仮差押えをすれば、確実に債権を回収できるのでしょうか。
当社は越谷市を本店としている企業ですが、支払いを先延ばしにしている草加市の業者に対して、仮差押えを検討しています。噂によると、税金の滞納もあり、取引先から前借を受けている可能性もあるようです。仮差押えをすれば、当社の債権は確実に保全されるのでしょうか。そのほかに注意点はありますか。
仮差押えをする場合、まず、相手の会社の資産のうち、どの資産を仮に差し押さえるのか、を検討しなければなりません。
一般的には、相手の会社が不動産を有している場合には、まずその不動産を対象にしなければなりません。
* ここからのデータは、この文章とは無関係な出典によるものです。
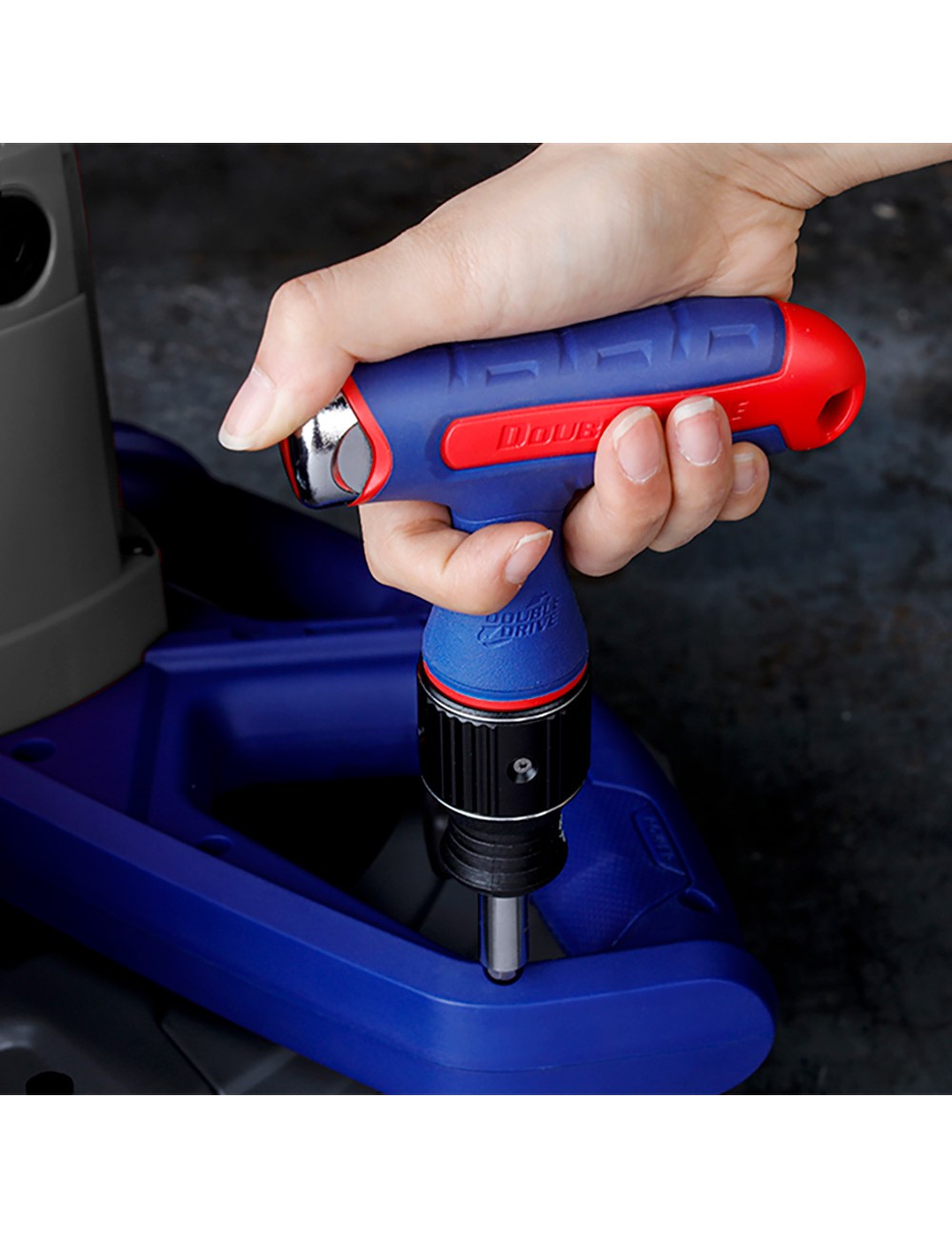 Destornillador de carraca t, 8 piezas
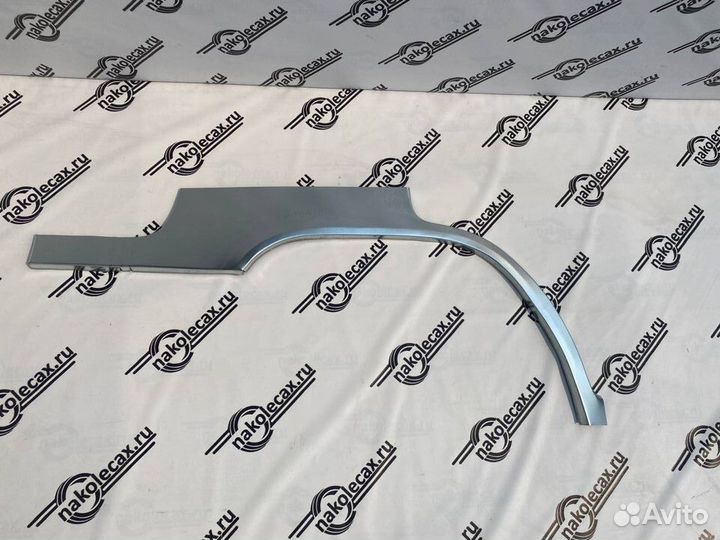 Задние арки Mitsubishi Pajero Pinin (5 дверей)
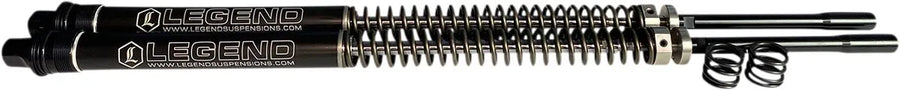 Harley-Davidson FXST 1584 Softail Standard [2008, 2010-2011] - AXEO Softail front suspension - picture 5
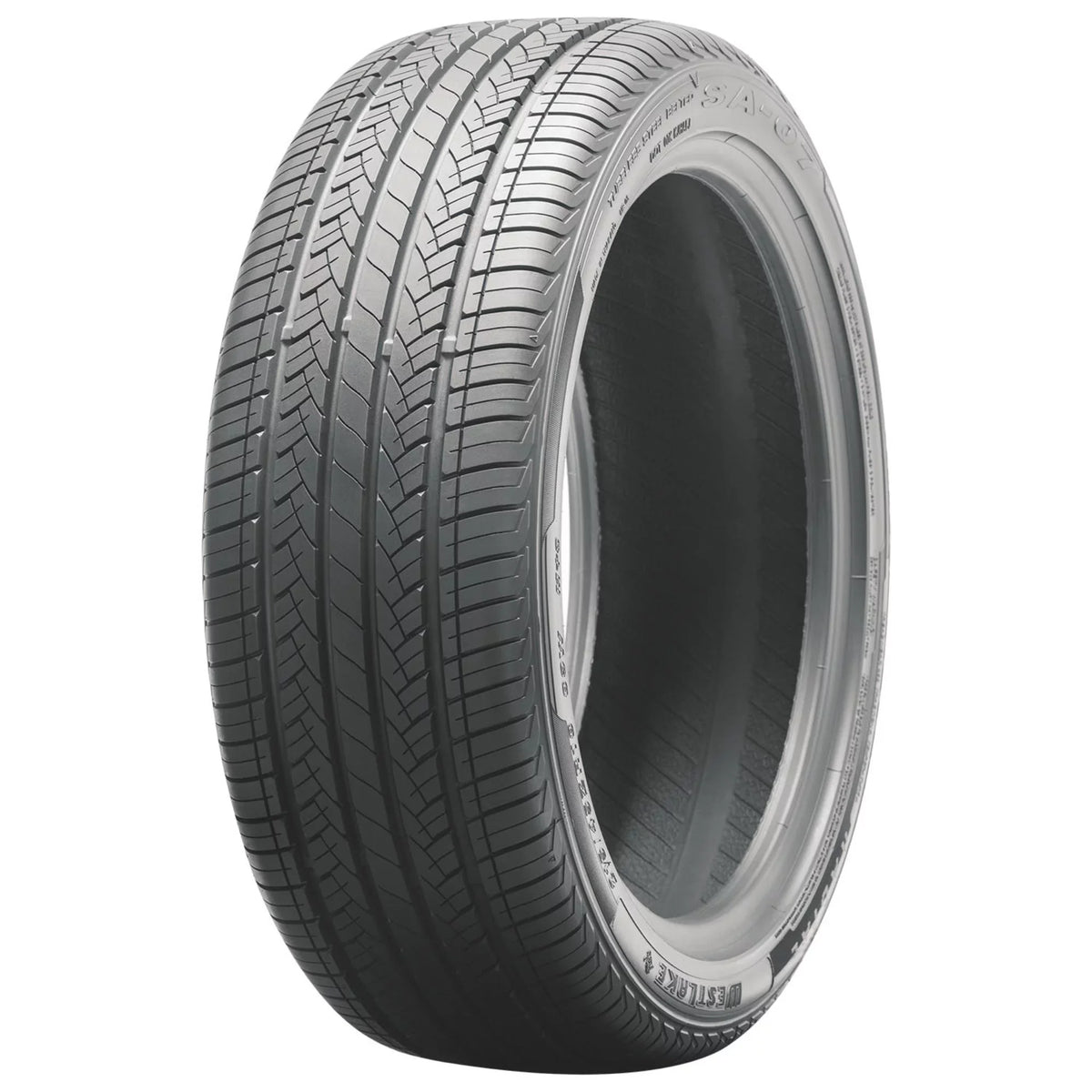 Tire SA07 Sport 255/45R19 Westlake Season All Passenger 100V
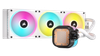 Tản nhiệt AIO Corsair iCUE LINK H150i RGB White (CW-9061006-WW)
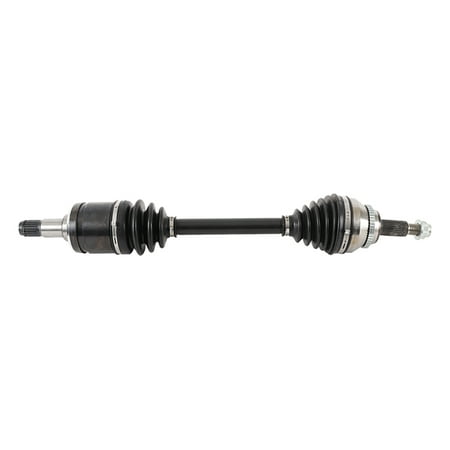 New CV Axle for Toyota Sienna 04 05 06 07 08 09 10 2004 2005 2006 2007 2008 2009 2010 FWD Front Driver Side 4342008020 605260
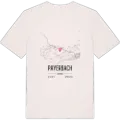 Payerbach karta t-shirt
もちろん、多額の抵当権が設定されているなど、その不動産を仮に差し押さえても財産の保全にはならない場合には別です。
次に、相手の会社が不動産を有していないような場合には、預貯金や取引先に対する債権を仮差押えすることが考えられます。
しかし、預貯金については、預入先から、相手方会社が借入をしているケースも多く、そのような場合には、預入先金融機関は、自らの貸付金と預金を相殺することを主張するため、仮差押えをしても、その後の強制執行による回収が困難なこともあります。
また、取引先に対する売掛金については、やはり取引先から、前借を受けているようなケースでは、前借分との相殺を主張されますので、その後の強制執行による回収が困難な場合があります。
金融機関と異なり、そもそも、仮に差し押さえた売掛金の支払い義務者に、支払い能力が無いケースもあります。
さらには、滞納処分による差押え等、税金による回収が先行してしまうと、仮差押えが無駄になってしまうケースもあります。
このように、仮差押えは、強力な手続きですが、相手方の状況によっては、必ずしも奏功するとは限らないというリスクがあります。